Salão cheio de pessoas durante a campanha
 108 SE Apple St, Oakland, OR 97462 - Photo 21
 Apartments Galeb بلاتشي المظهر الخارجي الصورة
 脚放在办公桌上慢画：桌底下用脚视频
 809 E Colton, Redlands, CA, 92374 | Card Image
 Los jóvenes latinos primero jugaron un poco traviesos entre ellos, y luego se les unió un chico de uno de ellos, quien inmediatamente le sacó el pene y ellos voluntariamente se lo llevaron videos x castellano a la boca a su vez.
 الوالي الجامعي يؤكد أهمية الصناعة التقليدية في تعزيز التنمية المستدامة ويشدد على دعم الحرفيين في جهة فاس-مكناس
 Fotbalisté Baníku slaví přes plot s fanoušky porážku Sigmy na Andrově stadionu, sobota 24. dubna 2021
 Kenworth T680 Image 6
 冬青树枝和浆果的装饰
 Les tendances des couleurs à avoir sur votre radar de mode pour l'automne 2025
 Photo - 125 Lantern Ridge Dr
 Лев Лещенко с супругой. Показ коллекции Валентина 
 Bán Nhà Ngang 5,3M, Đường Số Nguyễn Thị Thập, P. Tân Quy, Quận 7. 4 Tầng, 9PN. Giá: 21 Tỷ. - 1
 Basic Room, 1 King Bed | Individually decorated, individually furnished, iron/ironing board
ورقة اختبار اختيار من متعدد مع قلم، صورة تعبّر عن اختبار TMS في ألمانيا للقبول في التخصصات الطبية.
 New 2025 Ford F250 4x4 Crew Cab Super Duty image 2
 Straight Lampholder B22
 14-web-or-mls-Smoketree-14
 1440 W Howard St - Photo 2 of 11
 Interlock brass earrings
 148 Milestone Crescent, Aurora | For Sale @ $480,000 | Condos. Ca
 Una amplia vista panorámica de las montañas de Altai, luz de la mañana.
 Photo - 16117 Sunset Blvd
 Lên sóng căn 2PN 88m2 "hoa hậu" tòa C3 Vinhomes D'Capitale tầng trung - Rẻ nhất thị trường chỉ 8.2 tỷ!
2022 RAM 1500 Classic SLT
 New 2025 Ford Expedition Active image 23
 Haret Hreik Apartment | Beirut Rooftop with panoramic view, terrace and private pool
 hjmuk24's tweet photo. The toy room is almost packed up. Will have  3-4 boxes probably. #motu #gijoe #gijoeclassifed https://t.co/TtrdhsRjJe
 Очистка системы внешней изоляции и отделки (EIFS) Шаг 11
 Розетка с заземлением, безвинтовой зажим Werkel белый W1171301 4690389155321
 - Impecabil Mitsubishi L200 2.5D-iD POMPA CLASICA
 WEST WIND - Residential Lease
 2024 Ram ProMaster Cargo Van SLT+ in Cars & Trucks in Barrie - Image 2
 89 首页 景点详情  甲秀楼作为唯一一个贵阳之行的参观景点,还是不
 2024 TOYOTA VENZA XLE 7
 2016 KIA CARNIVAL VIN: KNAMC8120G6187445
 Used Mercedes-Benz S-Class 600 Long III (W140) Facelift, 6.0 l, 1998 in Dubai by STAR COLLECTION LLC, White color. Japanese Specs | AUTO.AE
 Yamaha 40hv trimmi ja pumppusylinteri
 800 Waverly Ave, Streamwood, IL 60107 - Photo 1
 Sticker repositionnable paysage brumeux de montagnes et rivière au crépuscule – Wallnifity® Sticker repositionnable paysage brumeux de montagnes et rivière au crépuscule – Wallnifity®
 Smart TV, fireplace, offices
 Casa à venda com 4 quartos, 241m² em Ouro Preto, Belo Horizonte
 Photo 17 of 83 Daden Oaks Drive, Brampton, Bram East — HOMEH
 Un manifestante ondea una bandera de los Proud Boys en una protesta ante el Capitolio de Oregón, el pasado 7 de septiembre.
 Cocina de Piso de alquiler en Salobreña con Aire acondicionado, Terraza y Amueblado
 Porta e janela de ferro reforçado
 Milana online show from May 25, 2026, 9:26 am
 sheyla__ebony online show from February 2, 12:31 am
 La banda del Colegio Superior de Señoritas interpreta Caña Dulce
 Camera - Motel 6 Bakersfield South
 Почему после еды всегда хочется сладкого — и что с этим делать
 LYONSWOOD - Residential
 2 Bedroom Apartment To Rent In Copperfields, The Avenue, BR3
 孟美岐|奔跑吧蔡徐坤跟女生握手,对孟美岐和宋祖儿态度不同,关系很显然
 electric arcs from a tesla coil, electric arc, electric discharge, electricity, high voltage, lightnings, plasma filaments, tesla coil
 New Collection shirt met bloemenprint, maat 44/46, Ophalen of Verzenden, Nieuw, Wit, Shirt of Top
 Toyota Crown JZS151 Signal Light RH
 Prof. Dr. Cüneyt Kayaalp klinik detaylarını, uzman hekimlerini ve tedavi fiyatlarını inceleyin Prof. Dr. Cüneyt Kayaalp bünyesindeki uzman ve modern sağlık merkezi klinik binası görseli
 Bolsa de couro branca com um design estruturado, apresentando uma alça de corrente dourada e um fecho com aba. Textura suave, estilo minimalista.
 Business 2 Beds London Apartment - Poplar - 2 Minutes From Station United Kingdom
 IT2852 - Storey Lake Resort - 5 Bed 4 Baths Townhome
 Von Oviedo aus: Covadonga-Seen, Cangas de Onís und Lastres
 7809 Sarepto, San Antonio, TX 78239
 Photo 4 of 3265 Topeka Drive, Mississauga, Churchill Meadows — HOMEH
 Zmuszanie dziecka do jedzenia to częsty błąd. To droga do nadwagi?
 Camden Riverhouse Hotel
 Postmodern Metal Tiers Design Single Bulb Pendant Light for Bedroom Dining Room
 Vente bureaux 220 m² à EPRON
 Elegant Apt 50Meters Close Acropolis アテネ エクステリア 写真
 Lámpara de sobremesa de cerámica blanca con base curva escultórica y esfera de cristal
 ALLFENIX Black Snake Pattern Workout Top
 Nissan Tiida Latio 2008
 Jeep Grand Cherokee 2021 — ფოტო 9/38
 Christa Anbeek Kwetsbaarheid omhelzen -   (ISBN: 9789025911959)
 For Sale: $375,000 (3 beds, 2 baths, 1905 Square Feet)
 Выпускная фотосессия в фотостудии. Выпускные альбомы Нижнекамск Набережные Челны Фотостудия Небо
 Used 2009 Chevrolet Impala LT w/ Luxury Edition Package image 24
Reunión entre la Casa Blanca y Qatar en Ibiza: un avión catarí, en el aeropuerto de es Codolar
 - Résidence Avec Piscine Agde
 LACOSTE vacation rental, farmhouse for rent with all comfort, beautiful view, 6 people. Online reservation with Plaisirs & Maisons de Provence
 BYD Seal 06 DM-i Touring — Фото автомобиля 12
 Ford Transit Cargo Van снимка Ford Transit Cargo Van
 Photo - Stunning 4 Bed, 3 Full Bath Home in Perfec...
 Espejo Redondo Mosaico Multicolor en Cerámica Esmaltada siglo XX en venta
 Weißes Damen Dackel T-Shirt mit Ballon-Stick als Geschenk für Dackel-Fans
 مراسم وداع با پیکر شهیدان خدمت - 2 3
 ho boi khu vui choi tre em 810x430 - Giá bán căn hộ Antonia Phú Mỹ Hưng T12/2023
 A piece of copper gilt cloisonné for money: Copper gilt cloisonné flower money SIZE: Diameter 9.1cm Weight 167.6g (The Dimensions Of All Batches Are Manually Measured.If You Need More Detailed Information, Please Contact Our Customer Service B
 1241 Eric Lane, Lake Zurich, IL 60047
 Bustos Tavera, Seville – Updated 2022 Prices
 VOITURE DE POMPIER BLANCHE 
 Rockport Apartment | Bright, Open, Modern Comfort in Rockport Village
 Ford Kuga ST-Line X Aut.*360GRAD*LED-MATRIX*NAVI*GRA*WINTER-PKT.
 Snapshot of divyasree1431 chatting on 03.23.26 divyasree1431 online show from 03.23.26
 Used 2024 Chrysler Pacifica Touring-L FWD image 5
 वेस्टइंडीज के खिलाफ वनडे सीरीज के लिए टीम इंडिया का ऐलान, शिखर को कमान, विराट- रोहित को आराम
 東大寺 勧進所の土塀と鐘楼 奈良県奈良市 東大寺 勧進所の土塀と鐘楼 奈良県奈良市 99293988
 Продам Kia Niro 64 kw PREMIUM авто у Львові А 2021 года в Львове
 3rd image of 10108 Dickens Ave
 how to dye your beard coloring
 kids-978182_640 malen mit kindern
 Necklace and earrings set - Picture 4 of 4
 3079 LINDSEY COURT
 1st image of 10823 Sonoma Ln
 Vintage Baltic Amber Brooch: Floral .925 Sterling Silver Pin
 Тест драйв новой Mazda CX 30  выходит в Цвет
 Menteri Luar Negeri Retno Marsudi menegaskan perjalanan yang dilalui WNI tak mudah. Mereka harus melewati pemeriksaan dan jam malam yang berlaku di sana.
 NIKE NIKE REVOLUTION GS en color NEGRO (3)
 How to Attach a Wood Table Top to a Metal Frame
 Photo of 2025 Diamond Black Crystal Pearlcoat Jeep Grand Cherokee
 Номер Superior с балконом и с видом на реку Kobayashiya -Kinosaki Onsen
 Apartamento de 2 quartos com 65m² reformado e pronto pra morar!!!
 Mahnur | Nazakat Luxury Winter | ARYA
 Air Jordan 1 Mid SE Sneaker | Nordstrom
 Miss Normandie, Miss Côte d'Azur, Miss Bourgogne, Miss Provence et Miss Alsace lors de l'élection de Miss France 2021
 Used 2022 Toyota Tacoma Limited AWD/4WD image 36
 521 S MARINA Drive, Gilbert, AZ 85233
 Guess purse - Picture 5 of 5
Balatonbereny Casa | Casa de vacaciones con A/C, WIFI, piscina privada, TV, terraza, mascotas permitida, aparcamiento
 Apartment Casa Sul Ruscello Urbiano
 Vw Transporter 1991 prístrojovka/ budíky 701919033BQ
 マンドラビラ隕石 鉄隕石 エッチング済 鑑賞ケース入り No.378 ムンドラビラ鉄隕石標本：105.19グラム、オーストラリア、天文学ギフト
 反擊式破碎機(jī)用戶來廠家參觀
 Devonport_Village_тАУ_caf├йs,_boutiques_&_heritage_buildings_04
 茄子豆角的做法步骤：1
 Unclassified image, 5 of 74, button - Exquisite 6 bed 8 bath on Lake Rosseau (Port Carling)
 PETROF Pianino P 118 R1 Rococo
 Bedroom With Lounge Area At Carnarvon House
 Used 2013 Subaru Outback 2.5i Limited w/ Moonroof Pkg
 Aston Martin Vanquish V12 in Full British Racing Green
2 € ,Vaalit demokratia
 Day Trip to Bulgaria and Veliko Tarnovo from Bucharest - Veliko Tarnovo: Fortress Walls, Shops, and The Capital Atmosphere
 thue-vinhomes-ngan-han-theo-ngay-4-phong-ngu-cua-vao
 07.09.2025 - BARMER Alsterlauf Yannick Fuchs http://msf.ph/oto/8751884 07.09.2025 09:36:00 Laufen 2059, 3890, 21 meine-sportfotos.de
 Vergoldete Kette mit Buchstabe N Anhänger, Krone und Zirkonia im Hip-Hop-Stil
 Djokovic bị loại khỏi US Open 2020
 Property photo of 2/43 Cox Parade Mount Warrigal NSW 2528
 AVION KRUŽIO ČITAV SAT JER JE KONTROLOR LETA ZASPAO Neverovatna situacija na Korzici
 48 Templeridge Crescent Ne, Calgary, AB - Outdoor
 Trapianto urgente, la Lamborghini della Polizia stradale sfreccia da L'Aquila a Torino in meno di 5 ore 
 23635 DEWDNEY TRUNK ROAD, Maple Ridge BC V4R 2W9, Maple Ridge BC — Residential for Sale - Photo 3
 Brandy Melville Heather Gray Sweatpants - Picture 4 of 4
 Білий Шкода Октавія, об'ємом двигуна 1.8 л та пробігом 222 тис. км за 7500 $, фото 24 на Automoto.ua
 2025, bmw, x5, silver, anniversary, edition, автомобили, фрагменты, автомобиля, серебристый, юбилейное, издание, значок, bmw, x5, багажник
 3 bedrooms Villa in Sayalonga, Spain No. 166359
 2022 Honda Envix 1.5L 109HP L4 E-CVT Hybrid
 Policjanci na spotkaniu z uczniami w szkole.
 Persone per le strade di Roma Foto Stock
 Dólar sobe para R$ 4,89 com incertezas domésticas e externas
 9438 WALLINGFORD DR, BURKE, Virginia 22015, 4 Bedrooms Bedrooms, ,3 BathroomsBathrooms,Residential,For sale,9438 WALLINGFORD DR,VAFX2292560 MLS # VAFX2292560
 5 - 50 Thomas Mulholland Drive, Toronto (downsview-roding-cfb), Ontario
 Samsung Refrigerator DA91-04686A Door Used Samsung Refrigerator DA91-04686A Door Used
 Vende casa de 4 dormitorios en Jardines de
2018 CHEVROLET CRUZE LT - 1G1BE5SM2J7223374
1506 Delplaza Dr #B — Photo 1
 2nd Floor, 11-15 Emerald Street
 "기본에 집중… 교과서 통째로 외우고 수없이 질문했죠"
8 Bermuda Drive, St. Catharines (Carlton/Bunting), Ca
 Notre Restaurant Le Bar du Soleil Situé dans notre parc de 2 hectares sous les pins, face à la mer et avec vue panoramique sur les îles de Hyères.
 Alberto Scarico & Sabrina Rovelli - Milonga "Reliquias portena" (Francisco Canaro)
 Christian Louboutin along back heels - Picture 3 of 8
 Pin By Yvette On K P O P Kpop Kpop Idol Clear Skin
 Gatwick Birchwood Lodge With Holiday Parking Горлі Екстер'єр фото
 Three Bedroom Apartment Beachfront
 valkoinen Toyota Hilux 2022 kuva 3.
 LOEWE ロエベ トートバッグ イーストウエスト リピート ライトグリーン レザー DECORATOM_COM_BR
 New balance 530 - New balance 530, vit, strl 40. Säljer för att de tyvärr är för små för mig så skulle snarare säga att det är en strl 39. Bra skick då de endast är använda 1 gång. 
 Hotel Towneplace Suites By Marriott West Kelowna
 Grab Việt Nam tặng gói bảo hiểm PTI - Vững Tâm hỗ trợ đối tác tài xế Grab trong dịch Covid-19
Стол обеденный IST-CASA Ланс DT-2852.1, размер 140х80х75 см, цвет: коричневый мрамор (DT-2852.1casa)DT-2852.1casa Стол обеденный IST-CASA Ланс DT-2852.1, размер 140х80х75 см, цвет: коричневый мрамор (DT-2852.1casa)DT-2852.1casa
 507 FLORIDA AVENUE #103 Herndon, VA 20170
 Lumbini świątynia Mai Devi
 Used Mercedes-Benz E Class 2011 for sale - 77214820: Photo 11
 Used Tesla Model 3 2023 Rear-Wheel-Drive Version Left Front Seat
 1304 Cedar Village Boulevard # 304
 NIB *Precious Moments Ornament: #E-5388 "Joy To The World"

◇ ◇ ◇

◆ **Try it**: Work out how many lines in the material above include the word "Crescent", and write down that number alone.

◆ **Written solution**: 2